Pero el reconocimiento de estos derechos se queda corto si no se atiende también al otro componente urbano: atraer gente. Comenta Stefan Zweig en El mundo de ayer que «antes de 1914 la tierra era de todos. Todo el mundo iba a donde quería y permanecía allí el tiempo que quería (...). Me divierte la sorpresa de los jóvenes cada vez que les cuento que antes de 1914 viajé a la India y a América sin pasaporte (...). La gente subía y bajaba de los trenes y de los barcos sin preguntar ni ser preguntada». Sin embargo hoy la exigencia de ‘papeles’, estas «monsergas improductivas que a la vez envilecen el alma» (nuevamente Zweig), ha tomado carta de naturaleza y se escucha y se pretende justificar por todas partes. Antes las fronteras eran para los productos, no para las personas. Pero hoy se agudiza lo contrario. Y las ciudades, en su autismo ensimismado, se abotargan.

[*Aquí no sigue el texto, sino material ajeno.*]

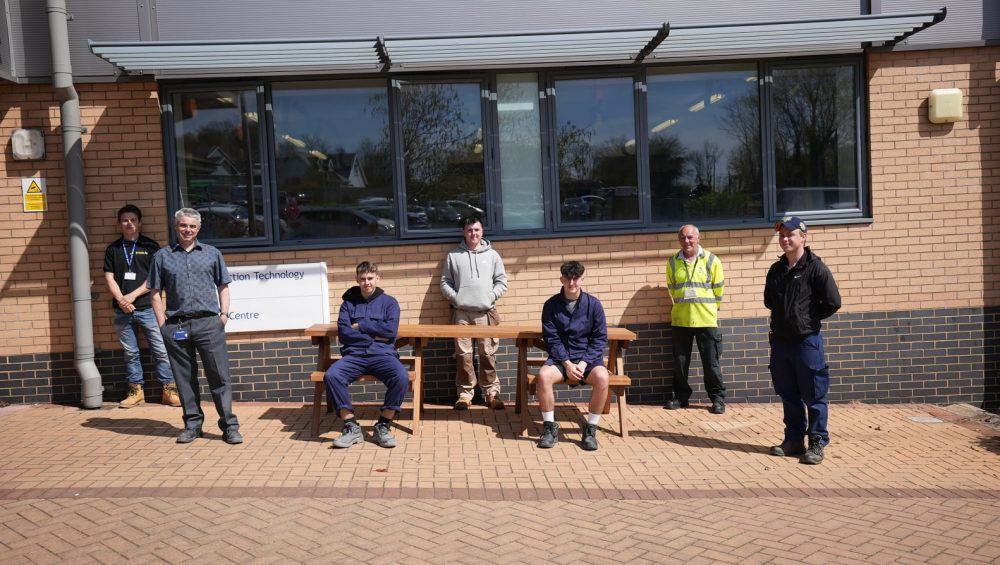 Learners and staff outside with Unison Bench.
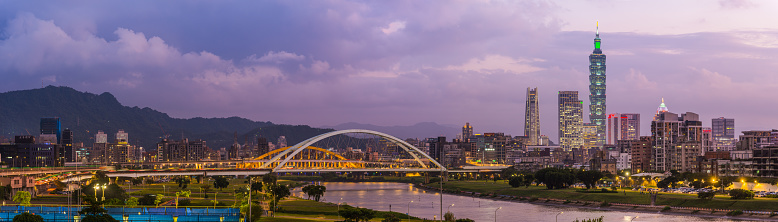 Panoramic view across the Keelung River to the glittering high-rise cityscape, skyscrapers in the heart of Taiwan’s vibrant capital city at dusk.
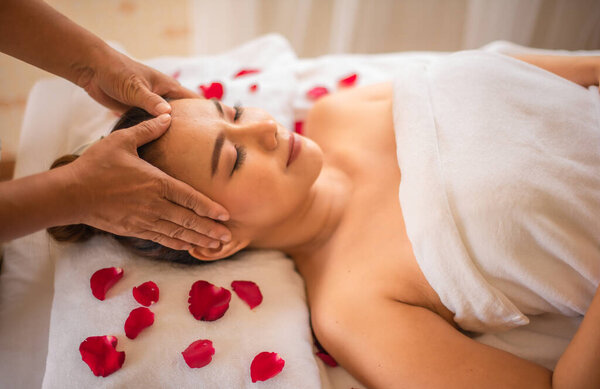 The expert masseuse gently kneaded the scalp of the beautiful asian customer with both hands on a bed strewn with rose petals.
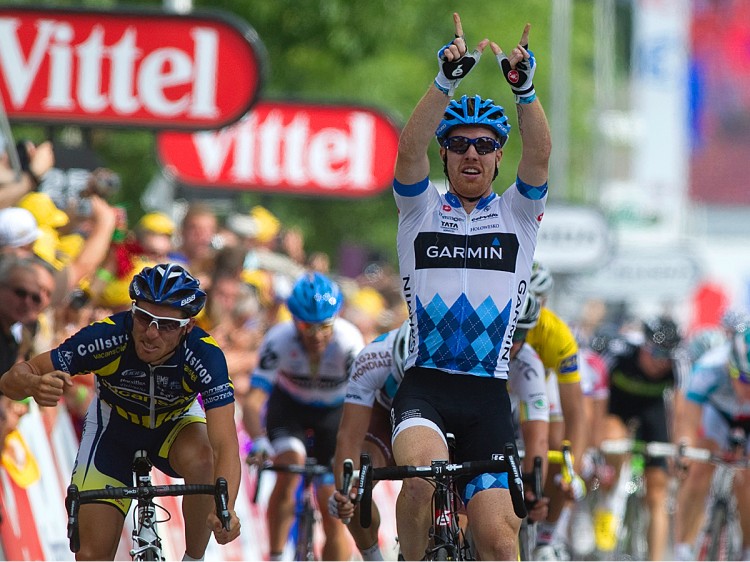 FOR WOUTER: Tyler Farrar holds up the 'W' sign in memory of his fallen friend and fellow rider Wouter Weylandts as he crosses the Finish line first to win Stage Three of the 2011 Tour de France. (Pascal Pavani/AFP/Getty Images)
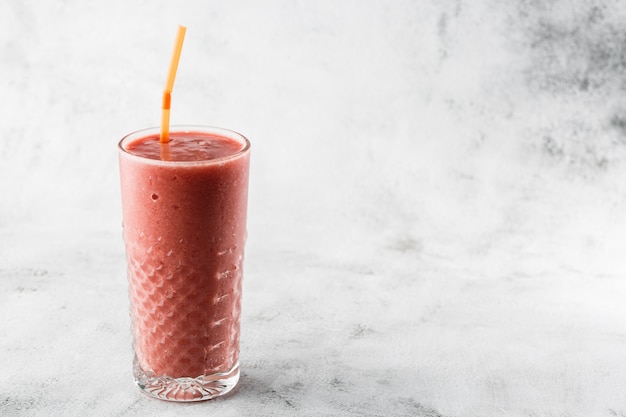 Smoothie aux baies ou rose framboise, milk-shake rouge en verre sur fond de marbre brillant. Vue aérienne, espace copie. Publicité pour le menu du café milkshake. Menu du café. Photo horizontale.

Los anteriores derechos dibujan por fuerza un urbanismo hospitalario, cuyo leit motiv será el reconocimiento del derecho de asentamiento. Pues ya que «nadie tiene originariamente más derecho que otro a estar en un determinado lugar del planeta» (Kant), es de ley favorecer la llegada del otro. Y las ciudades tendrán que dar la cara en su defensa. La tardanza en este reconocimiento sólo añade sufrimiento innecesario (una noticia habitual de los periódicos). El urbanismo y las ciudades vivieron momentos de renacimiento cuando se demolieron las murallas que las constreñían y lastraban. Ha llegado ya el momento de demoler otras murallas: las ciudades y el urbanismo revivirán nuevamente.